-- EXERCISE --
Look through the data below for the line with "Cuina de Pis", and transcribe it exactly together with each line after it up to and including the line with "Anime Goku x". Give nothing else.

-- DATA SECTION --
• • •

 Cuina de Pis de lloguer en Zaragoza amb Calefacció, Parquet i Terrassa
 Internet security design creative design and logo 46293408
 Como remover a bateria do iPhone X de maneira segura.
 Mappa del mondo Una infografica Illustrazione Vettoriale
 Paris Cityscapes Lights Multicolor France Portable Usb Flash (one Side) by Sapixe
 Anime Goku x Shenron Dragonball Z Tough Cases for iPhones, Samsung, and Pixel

• • •

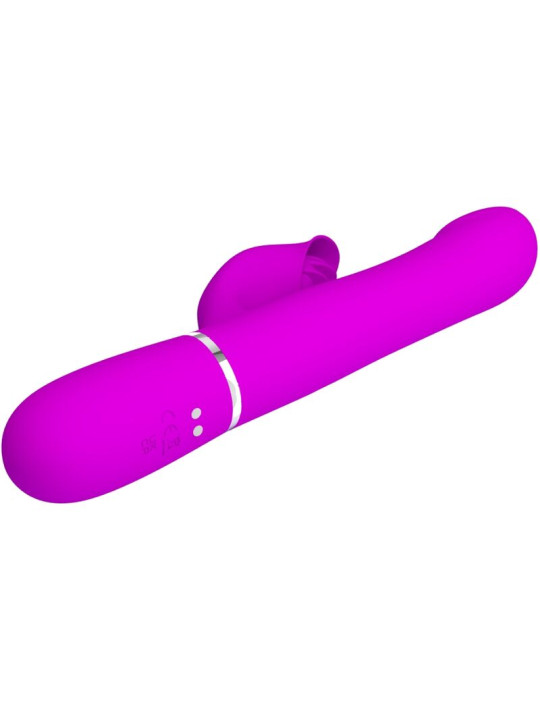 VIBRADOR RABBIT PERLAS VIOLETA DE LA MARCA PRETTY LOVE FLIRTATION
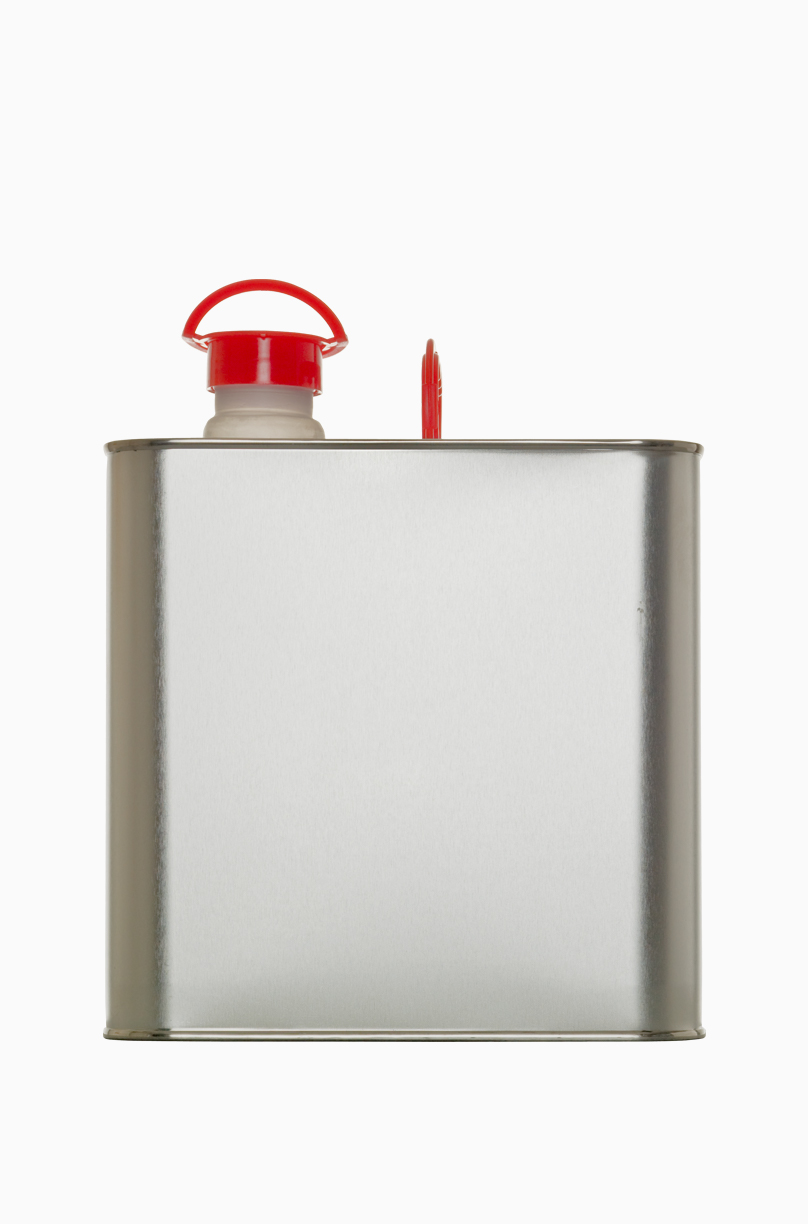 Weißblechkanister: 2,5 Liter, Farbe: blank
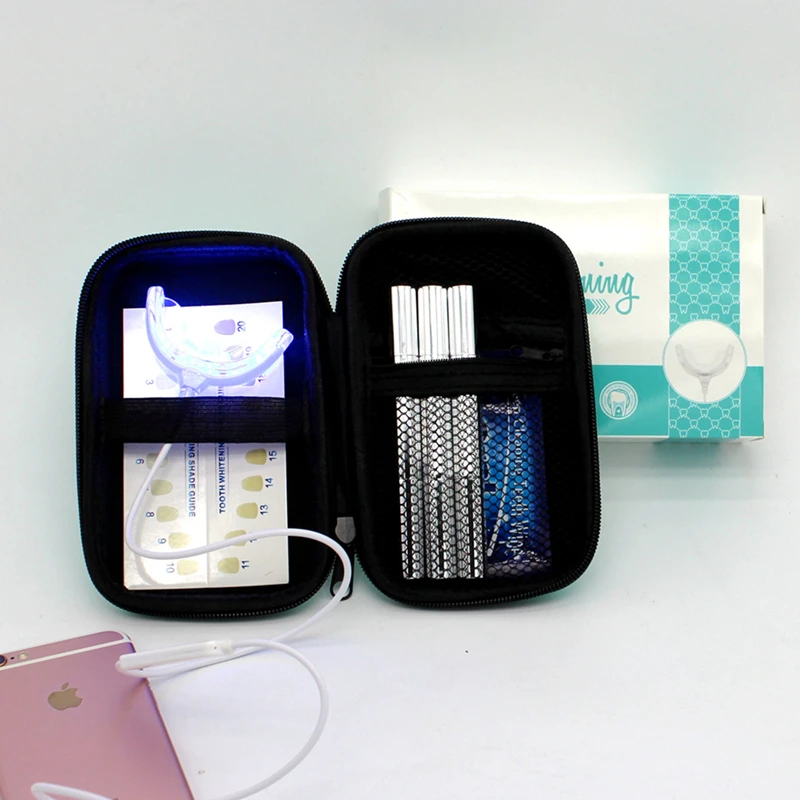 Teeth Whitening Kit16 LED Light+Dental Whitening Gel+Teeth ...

• • •

-- TASK ANSWER --
 Cuina de Pis de lloguer en Zaragoza amb Calefacció, Parquet i Terrassa
 Internet security design creative design and logo 46293408
 Como remover a bateria do iPhone X de maneira segura.
 Mappa del mondo Una infografica Illustrazione Vettoriale
 Paris Cityscapes Lights Multicolor France Portable Usb Flash (one Side) by Sapixe
 Anime Goku x Shenron Dragonball Z Tough Cases for iPhones, Samsung, and Pixel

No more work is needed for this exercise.